The “Sensible Food Policy” legal beagles (aka corporate industry food giants, note their site has no “who we are” section, just a “what we’re doing” section!) not only placed a deep political chill on the Interagency Working Group on Foods Marketed to Children (IWG comprised of the White House, FTC , CDC, FDA, USDA) but the lift of the veil reveals the “150 trade associations” behind “Sensible Food Policy” include PepsiCo, Viacom, Kellogg’s, General Mills, Time Warner, the American Association of Advertising Agencies, and the Association of National Advertisers!
In the “Occupy Madison Avenue” quadrant of my mind, I’m thinking there’s nothing ‘debatable’ about selling off children’s health for a buck since it’s proven repeatedly that mining innocents (minds and bodies in childhood) is truly just a slam dunk easy biz dev opportunity…
Parents keep thinking it’s ‘been handled’ and roll their eyes with exasperation being constantly undermined with new tactics deployed that skirt the fringe of legality and use loopholes to ‘get to the kids’…
Even formerly trusted sources get a double-take from those of us with whiplash trying to figure out ‘which team’ these corporate giants are playing on, like a shell game of ‘catch me if you can.’
No one is saying parents can’t buy junk food, the movement is simply asking manufacturers to quit undermining with workarounds off the radar! (see the entire site DigitalAds.org to get a feel for how this transpires online, and visit the ‘updates’ section regularly for new tactics aimed at kids)
As I’ve said before (pet peeve alert here) there’s nothing worse than being asked to work hands-on in the trenches with ‘at risk’ children in Title One schools to counter-market copious quantities of junk food misinformation sold to working class families (yes SunnyD/Scholastic, looking at you) only to have some “big food” industry corporate shill ‘partner’with in-school avenues to not just expose kids, but INCENTIVIZE them to eat and drink sugary slop for new free books and classroom parties? Bah. (yes, they’ve had a wrist slap via CCFC’s actions and cut in-school marketing 40% but still have a stronghold)

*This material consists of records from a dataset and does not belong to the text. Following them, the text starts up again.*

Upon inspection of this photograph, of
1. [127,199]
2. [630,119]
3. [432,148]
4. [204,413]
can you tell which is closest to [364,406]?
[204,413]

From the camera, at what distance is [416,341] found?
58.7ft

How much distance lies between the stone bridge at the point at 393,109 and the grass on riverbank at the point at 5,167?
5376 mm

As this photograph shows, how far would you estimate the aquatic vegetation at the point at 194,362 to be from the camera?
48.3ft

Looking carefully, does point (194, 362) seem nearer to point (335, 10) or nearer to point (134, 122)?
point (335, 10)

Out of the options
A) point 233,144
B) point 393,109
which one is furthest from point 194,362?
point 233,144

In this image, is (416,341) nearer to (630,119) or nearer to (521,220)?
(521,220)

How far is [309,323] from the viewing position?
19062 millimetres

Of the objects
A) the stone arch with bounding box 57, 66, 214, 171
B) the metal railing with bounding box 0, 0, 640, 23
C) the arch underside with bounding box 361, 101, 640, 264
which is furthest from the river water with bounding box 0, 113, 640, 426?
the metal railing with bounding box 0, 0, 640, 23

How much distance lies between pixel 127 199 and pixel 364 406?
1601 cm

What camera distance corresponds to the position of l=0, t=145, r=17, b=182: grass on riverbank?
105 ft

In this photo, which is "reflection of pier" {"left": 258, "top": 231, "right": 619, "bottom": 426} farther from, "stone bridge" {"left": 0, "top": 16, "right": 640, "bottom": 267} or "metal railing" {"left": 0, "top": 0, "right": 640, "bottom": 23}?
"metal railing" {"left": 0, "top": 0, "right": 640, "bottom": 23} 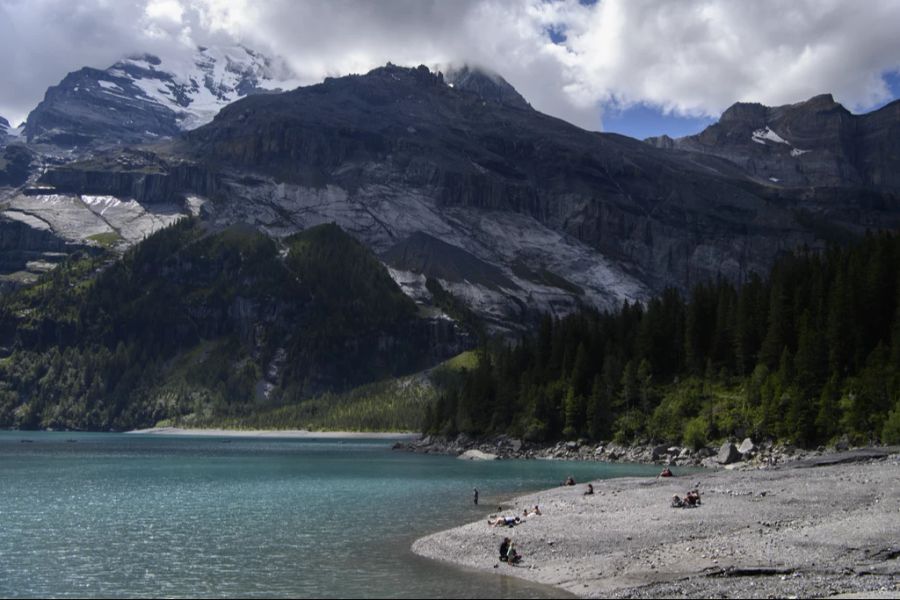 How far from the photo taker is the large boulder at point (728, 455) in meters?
95.4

How ’bout we look through the lens of long term impact and health care costs over short term fiscal gain and stop undermining the work being put forth with sneaky sidewinders that put kids in the blast zone of very real life morbidity outcomes of lifestyle cancers?

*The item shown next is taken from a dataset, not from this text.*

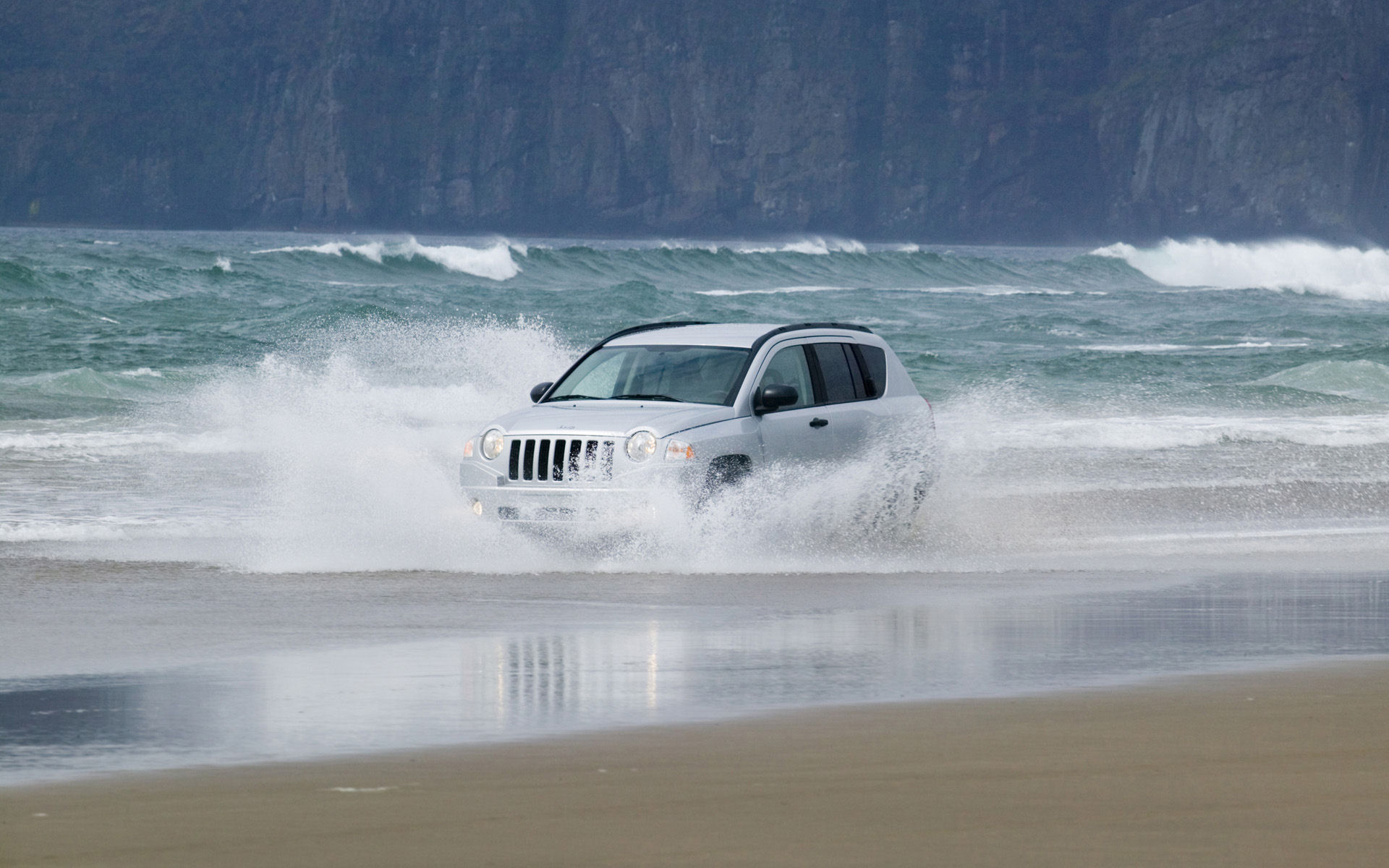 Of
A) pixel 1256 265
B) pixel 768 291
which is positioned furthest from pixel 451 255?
pixel 1256 265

Today on Blog Action Day, read through some of the global participants’ stories about food insecurity and agricultural impact of big business policies that are fouling up the food chain far beyond America’s shores. That’s right, we’re exporting our toxic policies and practices abroad to seep into other cultures. Just ducky…
What can you do?
Start by “occupying your mind” and taking action when you smell a rat in media and marketing…Accountability. Responsibility. Wallet-whacking. Fiscal pressure. Get informed.
Stop letting it all be brushed under the carpet with a helpless shoulder shrug for the next round of pass the buck politics and take a stand everyday with what you buy, what you do, who you support.
I’ll be writing more on Food Day, Oct 24, 2011 as part of the EAT REAL campaign. Hope you’ll join me to pay it forward, for kids health worldwide.